Avete presente i follower inattivi su Instagram? Sono quei follower che non interagiscono con i contenuti postati dalle persone che seguono: non mandano reaction, né direct, né commenti, perché principalmente osservano l’operato dell’influencer. I nostri osservatori silenziosi sono così: follower inattivi. Un buon numero di persone appartenenti al gruppo di Quaranteen, infatti, non ha partecipato attivamente, ma ha seguito il canale, godendo dei contributi che venivano restituiti dai partecipanti in risposta alle sfide.

Questo è di fatto un trend: Quaranteen vive grazie ai contributi dei partecipanti, ma le persone sono perlopiù curiose di vedere i risultati altrui.

Gli entusiasti:

Ovvero coloro che hanno partecipato in maniera assidua alle sfide creando contenuti e interagendo in maniera propositiva con la loro platea digitale. Quello che se ne evince è che un team quando si sente libero di scegliere tra il fare o l’osservare, tendenzialmente prova a far qualcosa.

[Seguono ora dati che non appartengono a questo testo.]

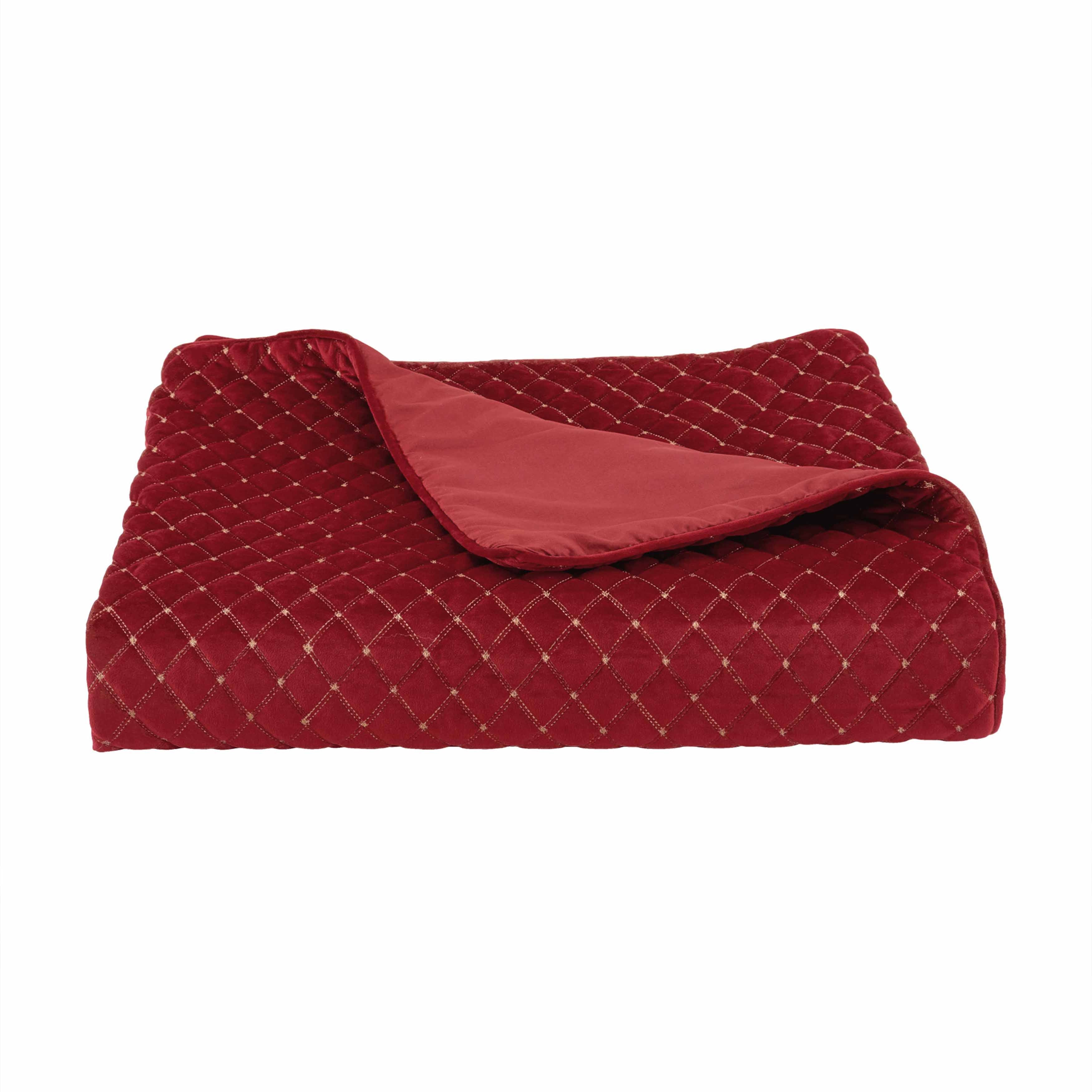 Grandeur Crimson 3-Piece Quilt Set Quilt Sets By J. Queen New York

L’esercizio di Quaranteen, infatti, ha aiutato anche i più timidi a sentirsi liberi di esprimersi in un luogo protetto. Questi ultimi, si sono dimostrati più propensi ad esprimersi dietro a uno schermo probabilmente perché disintermediati dallo strumento. Se ci si pensa bene, in realtà, questo è un paradosso se si considera che il web è il canale con la più alta capacità di divulgazione e propagazione, eppure sembra che ci si senta più a disagio a parlare con tre persone dal vivo che con sessanta dietro a uno schermo. “People are strange” cantavano, non a caso, i The Doors.

I partecipanti:

Coloro che si sono cimentati solo ed esclusivamente alle attività cui erano interessati, senza però contribuire con il lancio di nuove sfide o proposte. Questa è stata la categoria minoritaria all’interno del gruppo.

Domanda 3: Quali sono i valori di SIC emersi?

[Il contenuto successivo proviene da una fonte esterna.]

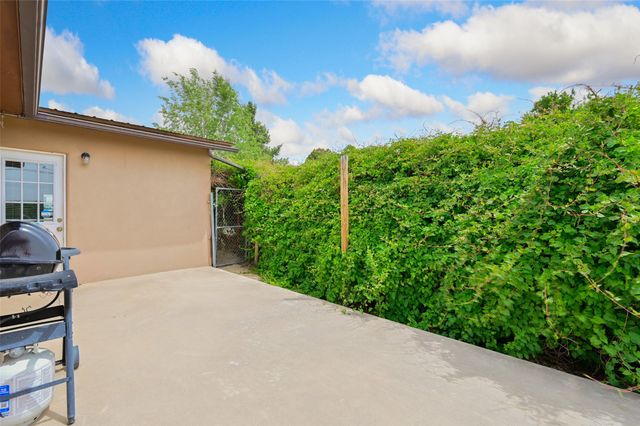 1028 Avenida De Las Campanas, Santa Fe, NM 87507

cit. partecipante: “Se si tratta di creatività si alzano voci inaspettate. Dovremmo essere più così anche nei progetti dove spesso siamo dentro delle scatole e poco inclusivi”.

Nella routine di lavoro quotidiana è difficile trovare dei momenti per esprimersi e degli spazi dedicati a questi scopi, ma le persone hanno manifestato una grande volontà in tal senso. La creatività, inoltre, è un valore che viene spesso associato all’estrosità o meno di una persona, ma nella realtà questa parola trova molto più senso se associata alla capacità di sfruttare in maniera brillante i propri talenti, alla propensione di esprimersi in maniera personale e caratteristica di ogni individuo. Questa proprietà fa delle persone ciò che sono. Va da sé, quindi, che alimentare questi processi creativi permette di far emergere la parte speciale delle persone.

Domanda 4: Quali sono i contesti in cui può essere utilizzata Quaranteen?

cit. partecipante: “Ho colmato l’assenza fisica”.

Nato da un tentativo di restare più uniti, quest’esperienza ci ha fatto aprire alcuni cassetti inaspettati, che possono essere sfruttati per migliorare alcuni aspetti.

Questi i principali che abbiamo individuato:

  • Comunicazione interna e Teambuilding: Quaranteen è un’esperienza utile per conoscere i propri colleghi, soprattutto se in sedi diverse, per superare i silos e creare maggiore coesione.
  • Hack Creativity: Alimentare la creatività in modo semplice e delineare dei tratti dell’organizzazione più umani, tangibili e reali. Favorire la nascita di progettualità inaspettate e collaborative.
  • Formazione: se le sfide sono pensate per apprendere, Quaranteen può diventare una trovata ingegnosa per fare esperienza pratica e approfondire alcune competenze.
Una delle GIFF create durante Quaranteen. Nessuna differenza tra zona giorno, ufficio e zona notte con lo smartworking.

EXTRA:

La modalità delle sfide e più in generale dell’esecuzione dei task giornalieri è stata indagata con diversi approcci nei mesi di quarantena. Abbiamo raccolto i casi che ci sono piaciuti di più in questa lista:

  • Bored Solutions: stilisticamente la soluzione che ci sembra più bella. Disegnato da Marc Leonard (ex-Google Creative Lab & Construct London) e sviluppato da Daniel Griffin (simpler Mortgages), il sito è ricco di spunti per imparare a fare diverse attività durante il periodo di lockdown.
  • Una lunga lista di 100 cose da fare by Vice: tutto quello che una persona si può immaginare di poter fare, dalle cose più semplici a quelle meno.
  • #25giorniacasa by BeUnsocial: una delle prime iniziative a partire a Marzo nei primi giorni di lockdown.

PRONTI? VIA!

Siamo pronti ora a capire quale sarà l’evoluzione di questo progetto, che dovrà convivere, come noi, a nuove dinamiche di vita e di lavoro ancora poco definite.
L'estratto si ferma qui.